Common Mistakes To Avoid

The most common mistake is asking for “high zinc” without naming a standard or coating designation. Another mistake is comparing per-side coating thickness with total both-side coating mass. These are not the same purchasing language.

Also avoid accepting a quote that only lists “galvanized coil” without the base grade, thickness, zinc coating, surface treatment, and MTC requirement. For roofing, these details affect forming, corrosion performance, appearance, and customer acceptance.

Conclusion

Galvanized coating weight is one of the most important RFQ items for roofing coil buyers. Z275 and G90 are useful reference points, but the final order should state the standard, coating designation, base grade, thickness, surface treatment, packing, and EN 10204 3.1 MTC requirement.

If you are preparing a roofing coil RFQ, send your target standard, grade, thickness, width, coating weight, surface finish, quantity, destination, and MTC requirement to the Tsingshan Steel Export Team. We can help compare GI and PPGI options before quotation.

FAQ

FAQ

What does Z275 mean on galvanized steel coil?

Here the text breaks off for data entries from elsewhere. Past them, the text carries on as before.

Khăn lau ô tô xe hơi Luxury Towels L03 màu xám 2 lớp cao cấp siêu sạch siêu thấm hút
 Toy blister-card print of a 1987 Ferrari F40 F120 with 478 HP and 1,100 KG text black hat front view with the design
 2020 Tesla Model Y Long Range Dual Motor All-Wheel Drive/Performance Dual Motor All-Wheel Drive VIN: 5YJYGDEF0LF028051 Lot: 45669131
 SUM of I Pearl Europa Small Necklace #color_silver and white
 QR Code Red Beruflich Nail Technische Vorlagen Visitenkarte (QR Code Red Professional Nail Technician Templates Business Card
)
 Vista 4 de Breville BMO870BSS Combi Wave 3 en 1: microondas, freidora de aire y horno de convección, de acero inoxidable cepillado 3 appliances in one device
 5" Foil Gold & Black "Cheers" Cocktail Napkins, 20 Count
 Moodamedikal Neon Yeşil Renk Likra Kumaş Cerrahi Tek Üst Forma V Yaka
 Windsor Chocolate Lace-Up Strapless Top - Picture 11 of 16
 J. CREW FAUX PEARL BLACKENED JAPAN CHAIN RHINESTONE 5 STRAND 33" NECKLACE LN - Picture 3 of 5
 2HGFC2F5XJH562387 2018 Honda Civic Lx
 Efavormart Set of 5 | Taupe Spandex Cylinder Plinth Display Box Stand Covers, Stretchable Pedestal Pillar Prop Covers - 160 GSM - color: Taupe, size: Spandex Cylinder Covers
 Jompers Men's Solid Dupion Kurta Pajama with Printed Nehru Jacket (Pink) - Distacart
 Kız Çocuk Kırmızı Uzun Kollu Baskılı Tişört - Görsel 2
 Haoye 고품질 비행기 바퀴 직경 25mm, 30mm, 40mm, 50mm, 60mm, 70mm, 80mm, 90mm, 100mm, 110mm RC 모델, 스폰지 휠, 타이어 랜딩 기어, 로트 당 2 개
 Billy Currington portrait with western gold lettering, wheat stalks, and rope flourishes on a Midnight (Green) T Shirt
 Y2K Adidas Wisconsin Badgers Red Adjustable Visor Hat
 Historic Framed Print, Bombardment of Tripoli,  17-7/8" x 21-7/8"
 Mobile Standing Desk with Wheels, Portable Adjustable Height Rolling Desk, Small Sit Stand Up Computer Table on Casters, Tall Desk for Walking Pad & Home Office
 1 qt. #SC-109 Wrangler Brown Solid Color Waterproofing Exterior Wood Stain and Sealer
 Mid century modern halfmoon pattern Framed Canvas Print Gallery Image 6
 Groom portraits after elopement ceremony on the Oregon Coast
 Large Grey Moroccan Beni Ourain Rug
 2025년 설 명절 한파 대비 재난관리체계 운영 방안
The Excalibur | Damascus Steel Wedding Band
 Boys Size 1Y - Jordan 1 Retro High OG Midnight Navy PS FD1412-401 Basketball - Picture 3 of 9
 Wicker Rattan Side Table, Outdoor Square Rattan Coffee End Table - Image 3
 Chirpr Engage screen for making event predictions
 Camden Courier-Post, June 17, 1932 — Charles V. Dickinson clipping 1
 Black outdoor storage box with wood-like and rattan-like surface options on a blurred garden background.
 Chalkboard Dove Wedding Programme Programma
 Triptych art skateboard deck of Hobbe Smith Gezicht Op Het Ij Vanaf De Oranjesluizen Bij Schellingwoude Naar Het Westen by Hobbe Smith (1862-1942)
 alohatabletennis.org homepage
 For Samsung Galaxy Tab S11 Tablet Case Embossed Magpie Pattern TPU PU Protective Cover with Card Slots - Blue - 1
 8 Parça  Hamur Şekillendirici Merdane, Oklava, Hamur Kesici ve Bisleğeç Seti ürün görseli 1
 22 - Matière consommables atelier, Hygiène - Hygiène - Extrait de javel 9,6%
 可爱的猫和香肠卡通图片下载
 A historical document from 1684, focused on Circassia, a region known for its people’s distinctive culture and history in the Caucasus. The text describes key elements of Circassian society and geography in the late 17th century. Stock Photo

Z275 usually means a zinc coating mass of 275 g/m2 total on both sides, but buyers should confirm the exact standard, test method, and MTC value.

Is G90 the same as Z275?

G90 and Z275 are commonly treated as comparable hot-dip galvanized coating designations because 0.90 oz/ft2 is about 275 g/m2 total both sides.

What should roofing buyers include in an RFQ for galvanized coil?

State the base grade, thickness, width, coating designation, surface finish, passivation or oiling, coil weight, packing, and EN 10204 3.1 MTC requirement.